(Caption-style text data)
──────────────────────────────
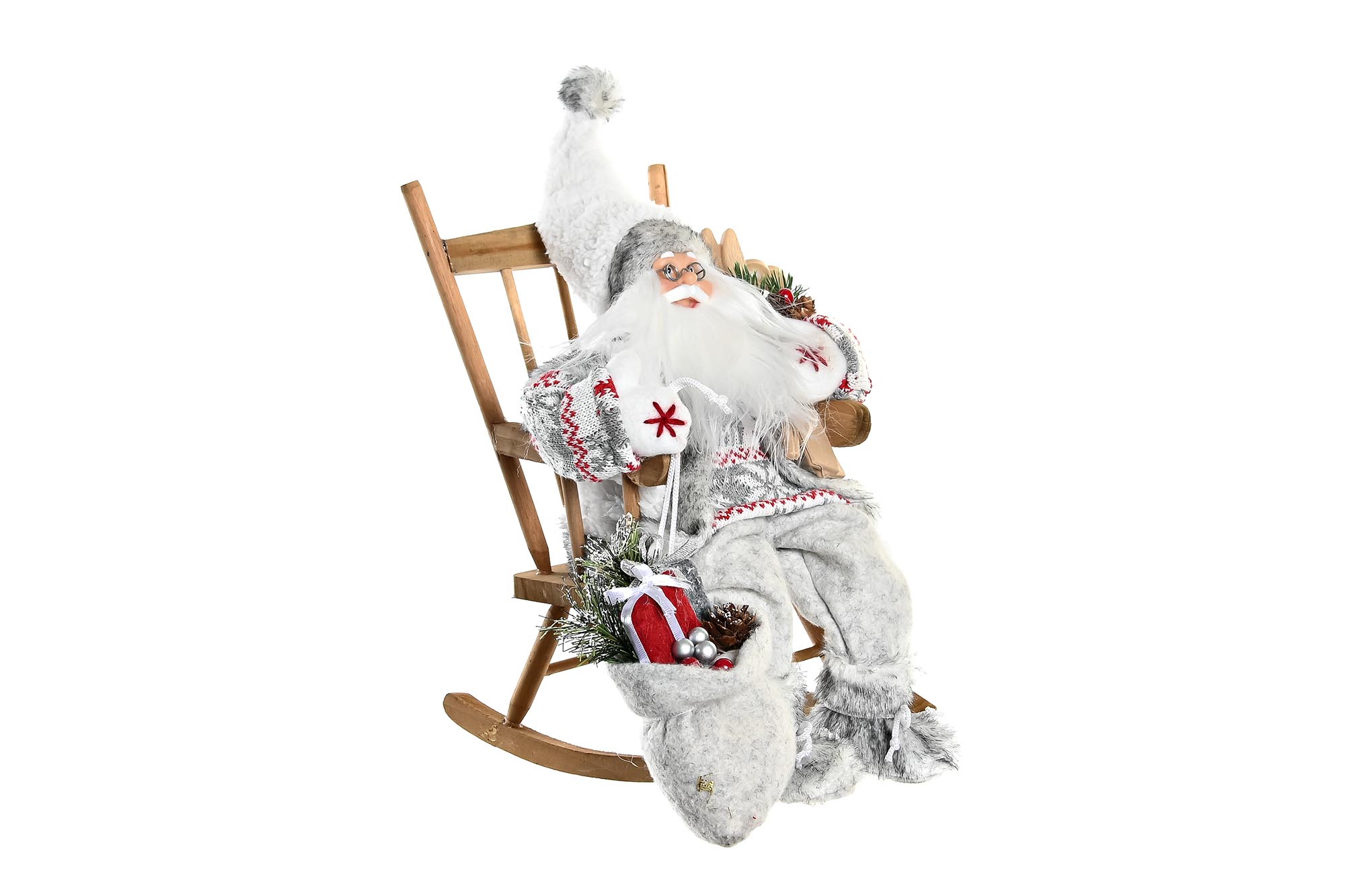 Papá Noel sentado en mecedora - Imagen 2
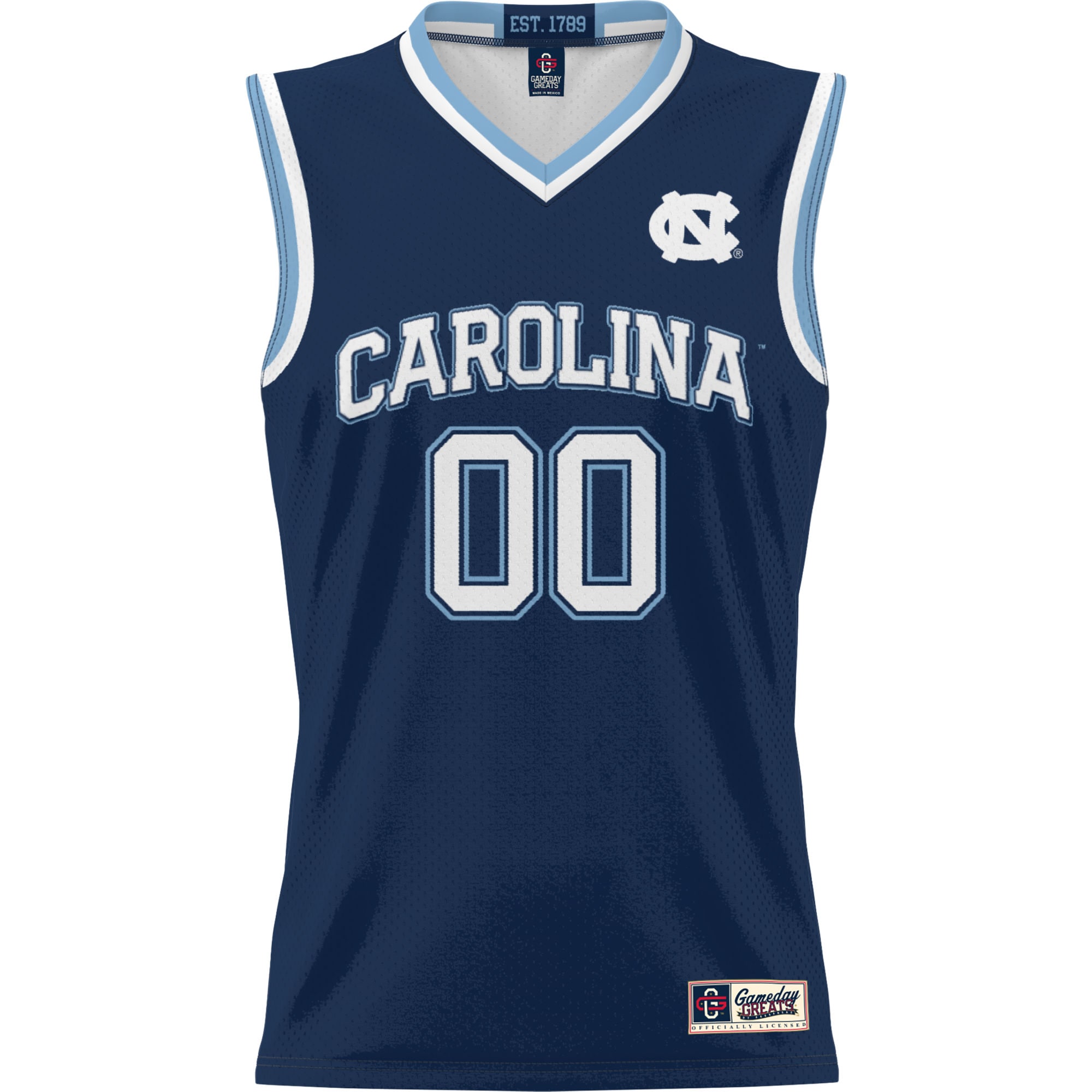 [DDG] North Carolina Tar Heels GameDay Greats Youth NIL Pick-A-Player Lightweight Women's Basketball Jersey - Navy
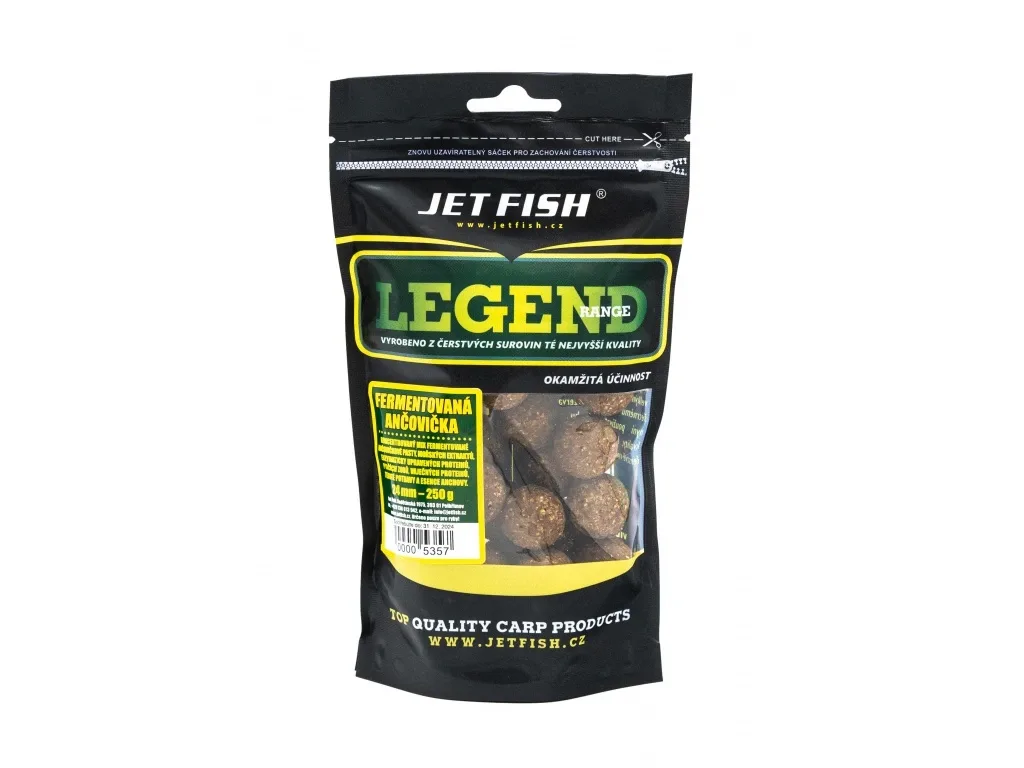 Jet Fish Boilie Legend Range Fermentovaná Ančovička Hmotnost: 250g, Průměr: 20mm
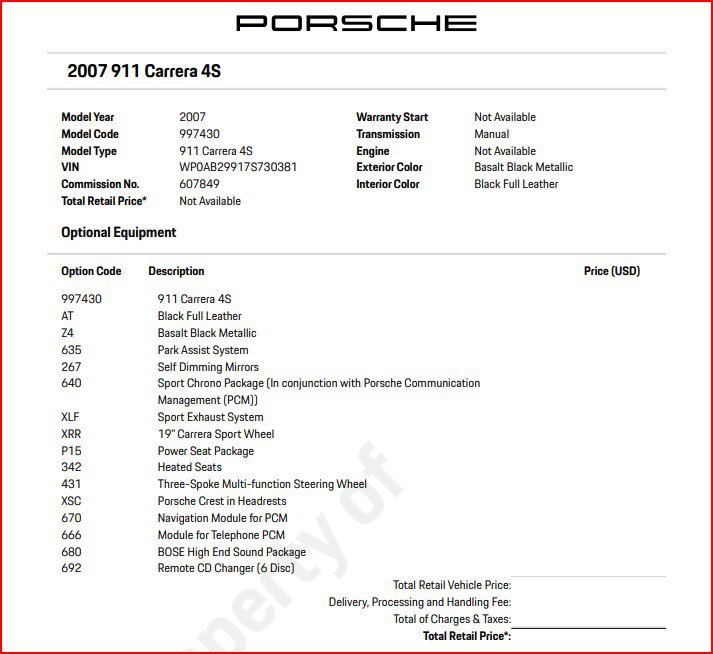 Used 2007 Porsche 911 Carrera 4S image 12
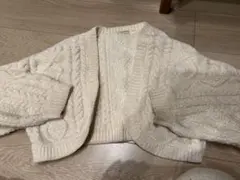 フリークスストア　アイボリー ケーブルニット カーディガン
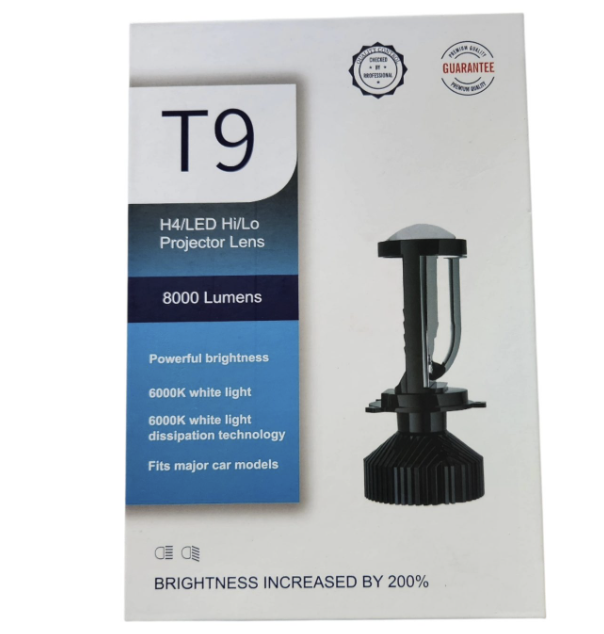 Luces h4 led con proyector lupa,8000 lumenes por led Multivoltaje, compatible con la mayoria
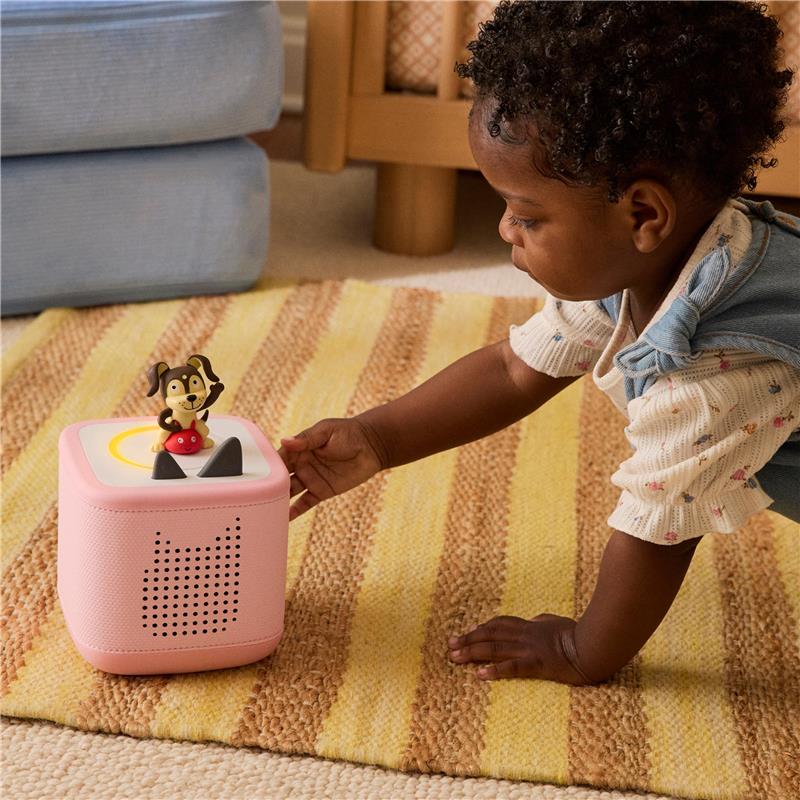 Tonies Toniebox 2 Audio Player Starter Set for Kids 1+ with Playtime Puppy, Cloud Pink - Image 2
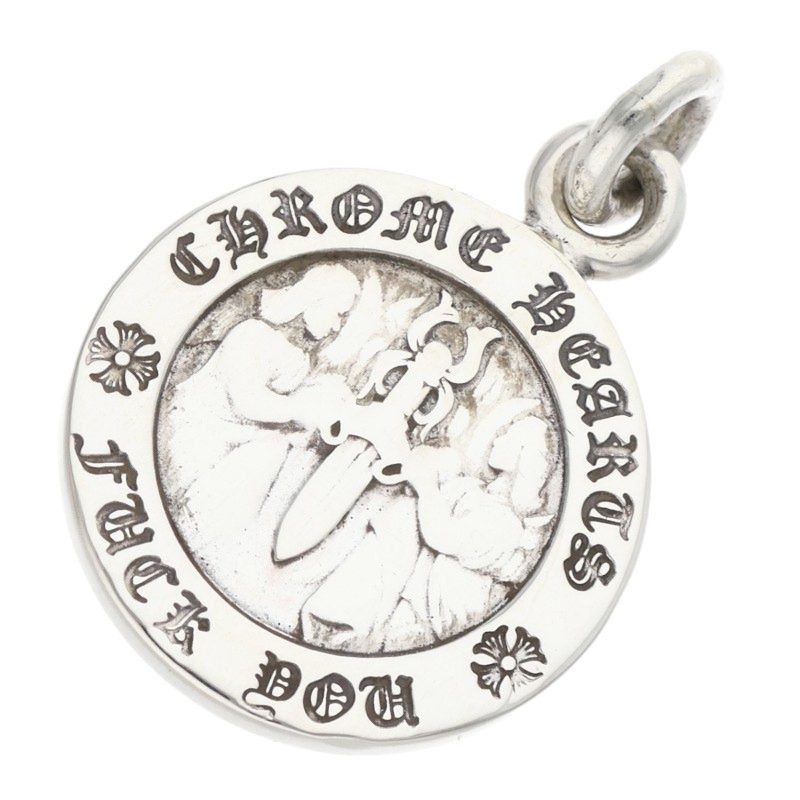 Chrome Hearts Top ANGEL MEDALwCRS BBYFAT/Angel Medal w Baby Fat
──────────────────────────────
- Goal of the exercise:
The copy you return must match the records above exactly, minus any images.

- Solution below:
 Papá Noel sentado en mecedora - Imagen 2
 [DDG] North Carolina Tar Heels GameDay Greats Youth NIL Pick-A-Player Lightweight Women's Basketball Jersey - Navy
 Jet Fish Boilie Legend Range Fermentovaná Ančovička Hmotnost: 250g, Průměr: 20mm
 Used 2007 Porsche 911 Carrera 4S image 12
 フリークスストア　アイボリー ケーブルニット カーディガン
 Luces h4 led con proyector lupa,8000 lumenes por led Multivoltaje, compatible con la mayoria
 Tonies Toniebox 2 Audio Player Starter Set for Kids 1+ with Playtime Puppy, Cloud Pink - Image 2
 Chrome Hearts Top ANGEL MEDALwCRS BBYFAT/Angel Medal w Baby Fat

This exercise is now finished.